Numerous outlets have reported per the exit polls conducted by Edison Research that 29 percent of Latino voters cast a ballot for Donald Trump, suggesting he did slightly better than Mitt "self-deportation" Romney who landed at 27 percent in 2012. The same exit polls suggested Latino turnout in critical states such as Arizona, Colorado and Nevada was down. Sorry, but both of these conclusions are quite literally unbelievable.
First of all, they counter nearly every pre-election poll designed to conduct enough interviews with Latino voters to get a statistically significant sample. Here’s the level of Latino support for Trump reflected in several polls leading up to the election.

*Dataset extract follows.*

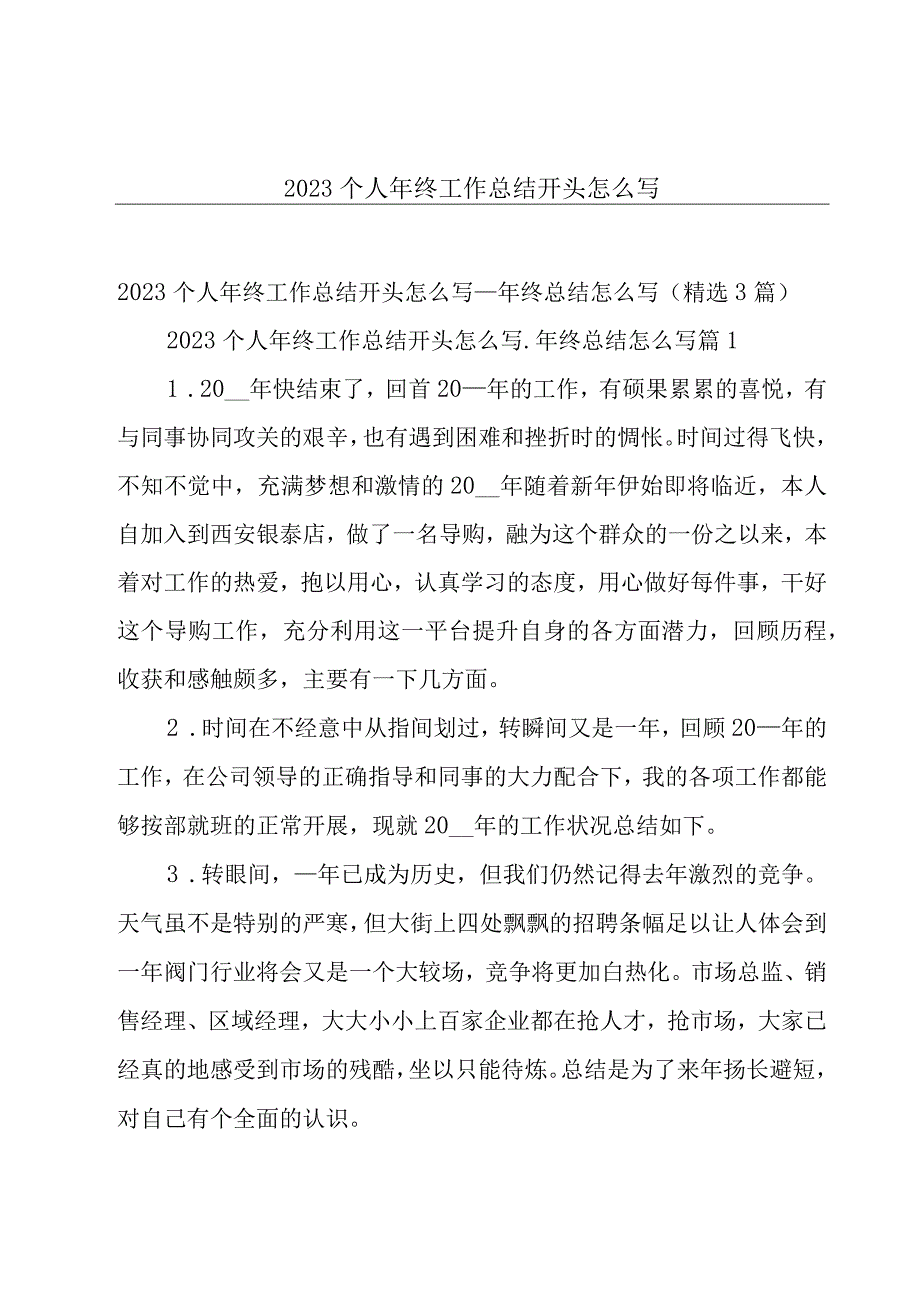 2023个人年终工作总结开头怎么写.docx_第1页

- 19 percent: Univision/Washington Post
- 17 percent: NBC/Telemundo oversample
- 14 percent: NALEO/Telemundo Tracking Poll
- 13 percent: FIU/New Latino Voice
Second, it's impossible to know how many Latino voters the exit polls even surveyed because they were clustered in specific precincts, which poses real hurdles to accurately sampling minority voters. As Nate Silver noted, Hillary Clinton may have underperformed pre-election mainstream polls in the Midwest, but she over-performed those polls in states with a heavy concentration of Latino voters like California and New Mexico.

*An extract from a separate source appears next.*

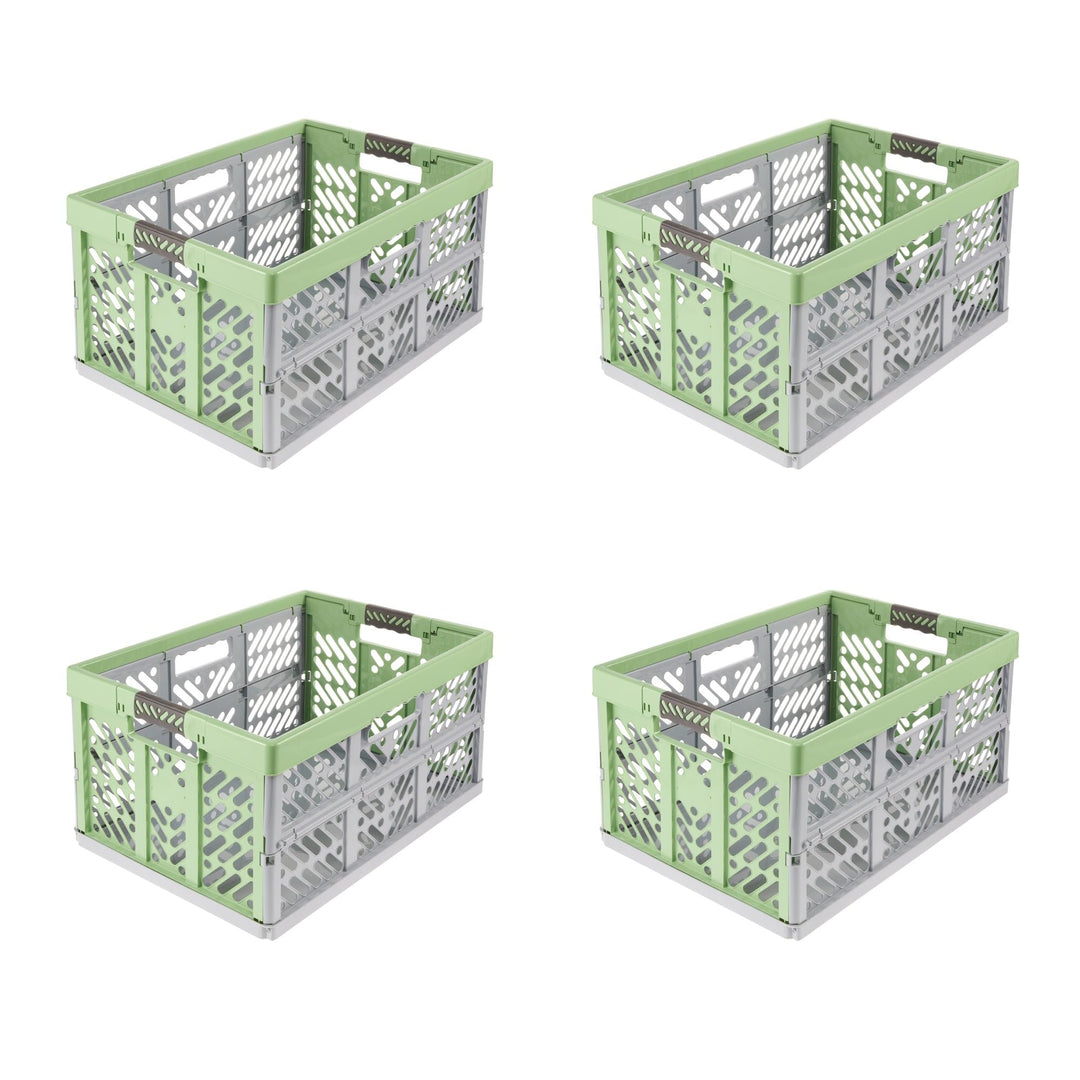 keeeper ben 4x Stabile Profi-Klappboxen mit Soft-Touch Griffen, 45 l, Eco Grass Green Eco Grass Gree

Why does all this matter? Partly because it would be political malpractice for Democrats to ignore a constituency that likely played a large role in ensuring that Hillary Clinton soundly captured the popular vote. Latino Decisions’ election eve poll of 5,600 voters showed Clinton getting fully 79 percent of the Latino vote to Trump’s 18 percent. And partly because not accurately counting Latinos disenfranchises voters who voted like their lives depended on it. As America’s Voice writes:
This is not a mere academic exercise or a story simply about methodology. At a time when the Latino and immigrant communities are vulnerable and fearful given the election of Donald Trump, an accurate assessment of the community’s performance in the 2016 elections and its electoral power is of huge consequence. Selling the Latino vote short, as the national exit polls do, essentially diminishes – even disenfranchises – Latino voters at a moment of maximum peril.